Methods of active ingredient delivery for the personal care industry have undergone numerous improvements and advancements in recent years. Yet, one of the most enduring challenges has been how to deliver active components efficaciously in a wash-off personal care product that won’t be removed by surfactants. The primary obstacle to achieving this has been in finding a method that will allow active ingredients to be attracted to the skin and, if necessary, penetrate slowly.
Throughout the years, advances in technology have enabled ten-fold improvements in delivery, which is evident in the polymer science currently being employed for body washes, face washes and other surfactant-based systems; however, these advancements have proven insufficient for delivery of active ingredients with the same ease and efficacy that can be realized through delivery by wash-off products. In today’s fast-paced society, where consumers continue to demand innovations that enhance convenience, there is a need for technology that can deliver a two-in-one benefit such as the effective delivery of active ingredients in a surfactant-based formulation.

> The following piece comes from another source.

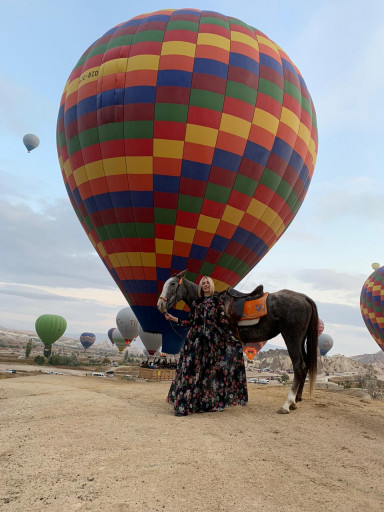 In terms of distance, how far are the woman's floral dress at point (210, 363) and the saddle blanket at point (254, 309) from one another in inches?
18.4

The described need can be met by taking advantage of the fact that active ingredients contained within a cationic molecular complex will attract to skin and hair and cannot be readily washed off. To accomplish this, a component must be found in that complex to facilitate attachment.
Fortunately, researchers have developed many types of vesicles that can withstand the surfactant environment and efficiently deliver the desired charge to achieve attachment. Charged molecules can offer electrostatic properties in proper environments, while polymers, as well as acids or even surfactants, can sometimes offer this convenience for certain delivery systems.